# [What is needed]
Could you set down every record exactly as it appears?

== Segment start ==

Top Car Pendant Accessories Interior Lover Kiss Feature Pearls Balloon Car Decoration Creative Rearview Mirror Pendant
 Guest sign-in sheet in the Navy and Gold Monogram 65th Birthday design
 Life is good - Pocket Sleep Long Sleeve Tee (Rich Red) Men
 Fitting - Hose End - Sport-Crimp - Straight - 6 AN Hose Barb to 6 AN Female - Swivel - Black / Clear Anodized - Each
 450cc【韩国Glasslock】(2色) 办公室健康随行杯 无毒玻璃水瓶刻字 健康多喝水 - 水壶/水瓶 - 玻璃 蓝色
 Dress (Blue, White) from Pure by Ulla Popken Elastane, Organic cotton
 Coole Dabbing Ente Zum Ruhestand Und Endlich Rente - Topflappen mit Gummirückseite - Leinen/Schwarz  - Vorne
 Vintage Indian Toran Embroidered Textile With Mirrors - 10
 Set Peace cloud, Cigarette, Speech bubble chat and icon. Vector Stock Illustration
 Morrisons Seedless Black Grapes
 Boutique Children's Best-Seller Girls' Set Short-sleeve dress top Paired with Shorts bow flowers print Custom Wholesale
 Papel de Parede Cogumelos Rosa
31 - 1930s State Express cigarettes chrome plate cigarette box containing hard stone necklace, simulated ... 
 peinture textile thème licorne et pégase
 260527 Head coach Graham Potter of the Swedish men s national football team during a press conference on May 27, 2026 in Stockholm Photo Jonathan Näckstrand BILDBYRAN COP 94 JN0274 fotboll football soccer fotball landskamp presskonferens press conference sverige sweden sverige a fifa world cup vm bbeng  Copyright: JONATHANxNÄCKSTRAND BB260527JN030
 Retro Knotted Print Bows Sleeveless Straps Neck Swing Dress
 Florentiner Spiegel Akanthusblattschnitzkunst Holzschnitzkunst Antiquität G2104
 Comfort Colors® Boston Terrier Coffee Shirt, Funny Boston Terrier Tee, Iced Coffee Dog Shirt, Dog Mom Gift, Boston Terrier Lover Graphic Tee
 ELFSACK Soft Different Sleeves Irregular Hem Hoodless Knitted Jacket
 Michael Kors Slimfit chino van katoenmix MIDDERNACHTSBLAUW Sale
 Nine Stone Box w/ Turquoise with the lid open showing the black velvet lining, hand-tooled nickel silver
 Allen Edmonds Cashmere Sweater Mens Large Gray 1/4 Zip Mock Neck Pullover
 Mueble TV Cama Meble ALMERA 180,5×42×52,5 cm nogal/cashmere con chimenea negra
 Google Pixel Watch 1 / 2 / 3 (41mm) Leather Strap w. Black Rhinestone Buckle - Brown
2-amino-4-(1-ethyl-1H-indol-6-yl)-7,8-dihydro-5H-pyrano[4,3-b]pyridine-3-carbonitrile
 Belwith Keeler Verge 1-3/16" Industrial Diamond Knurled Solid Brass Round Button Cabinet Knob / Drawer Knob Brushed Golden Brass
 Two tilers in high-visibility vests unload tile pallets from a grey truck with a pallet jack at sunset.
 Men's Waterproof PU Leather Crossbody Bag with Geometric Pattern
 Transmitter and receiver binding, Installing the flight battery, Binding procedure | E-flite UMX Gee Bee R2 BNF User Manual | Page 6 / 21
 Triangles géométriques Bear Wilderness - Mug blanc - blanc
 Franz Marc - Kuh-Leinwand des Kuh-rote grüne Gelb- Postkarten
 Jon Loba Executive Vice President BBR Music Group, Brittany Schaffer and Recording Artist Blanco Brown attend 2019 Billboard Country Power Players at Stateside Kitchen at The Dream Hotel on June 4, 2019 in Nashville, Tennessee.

== Segment end ==

# [Answer section]
Top Car Pendant Accessories Interior Lover Kiss Feature Pearls Balloon Car Decoration Creative Rearview Mirror Pendant
 Guest sign-in sheet in the Navy and Gold Monogram 65th Birthday design
 Life is good - Pocket Sleep Long Sleeve Tee (Rich Red) Men
 Fitting - Hose End - Sport-Crimp - Straight - 6 AN Hose Barb to 6 AN Female - Swivel - Black / Clear Anodized - Each
 450cc【韩国Glasslock】(2色) 办公室健康随行杯 无毒玻璃水瓶刻字 健康多喝水 - 水壶/水瓶 - 玻璃 蓝色
 Dress (Blue, White) from Pure by Ulla Popken Elastane, Organic cotton
 Coole Dabbing Ente Zum Ruhestand Und Endlich Rente - Topflappen mit Gummirückseite - Leinen/Schwarz  - Vorne
 Vintage Indian Toran Embroidered Textile With Mirrors - 10
 Set Peace cloud, Cigarette, Speech bubble chat and icon. Vector Stock Illustration
 Morrisons Seedless Black Grapes
 Boutique Children's Best-Seller Girls' Set Short-sleeve dress top Paired with Shorts bow flowers print Custom Wholesale
 Papel de Parede Cogumelos Rosa
31 - 1930s State Express cigarettes chrome plate cigarette box containing hard stone necklace, simulated ... 
 peinture textile thème licorne et pégase
 260527 Head coach Graham Potter of the Swedish men s national football team during a press conference on May 27, 2026 in Stockholm Photo Jonathan Näckstrand BILDBYRAN COP 94 JN0274 fotboll football soccer fotball landskamp presskonferens press conference sverige sweden sverige a fifa world cup vm bbeng  Copyright: JONATHANxNÄCKSTRAND BB260527JN030
 Retro Knotted Print Bows Sleeveless Straps Neck Swing Dress
 Florentiner Spiegel Akanthusblattschnitzkunst Holzschnitzkunst Antiquität G2104
 Comfort Colors® Boston Terrier Coffee Shirt, Funny Boston Terrier Tee, Iced Coffee Dog Shirt, Dog Mom Gift, Boston Terrier Lover Graphic Tee
 ELFSACK Soft Different Sleeves Irregular Hem Hoodless Knitted Jacket
 Michael Kors Slimfit chino van katoenmix MIDDERNACHTSBLAUW Sale
 Nine Stone Box w/ Turquoise with the lid open showing the black velvet lining, hand-tooled nickel silver
 Allen Edmonds Cashmere Sweater Mens Large Gray 1/4 Zip Mock Neck Pullover
 Mueble TV Cama Meble ALMERA 180,5×42×52,5 cm nogal/cashmere con chimenea negra
 Google Pixel Watch 1 / 2 / 3 (41mm) Leather Strap w. Black Rhinestone Buckle - Brown
2-amino-4-(1-ethyl-1H-indol-6-yl)-7,8-dihydro-5H-pyrano[4,3-b]pyridine-3-carbonitrile
 Belwith Keeler Verge 1-3/16" Industrial Diamond Knurled Solid Brass Round Button Cabinet Knob / Drawer Knob Brushed Golden Brass
 Two tilers in high-visibility vests unload tile pallets from a grey truck with a pallet jack at sunset.
 Men's Waterproof PU Leather Crossbody Bag with Geometric Pattern
 Transmitter and receiver binding, Installing the flight battery, Binding procedure | E-flite UMX Gee Bee R2 BNF User Manual | Page 6 / 21
 Triangles géométriques Bear Wilderness - Mug blanc - blanc
 Franz Marc - Kuh-Leinwand des Kuh-rote grüne Gelb- Postkarten
 Jon Loba Executive Vice President BBR Music Group, Brittany Schaffer and Recording Artist Blanco Brown attend 2019 Billboard Country Power Players at Stateside Kitchen at The Dream Hotel on June 4, 2019 in Nashville, Tennessee.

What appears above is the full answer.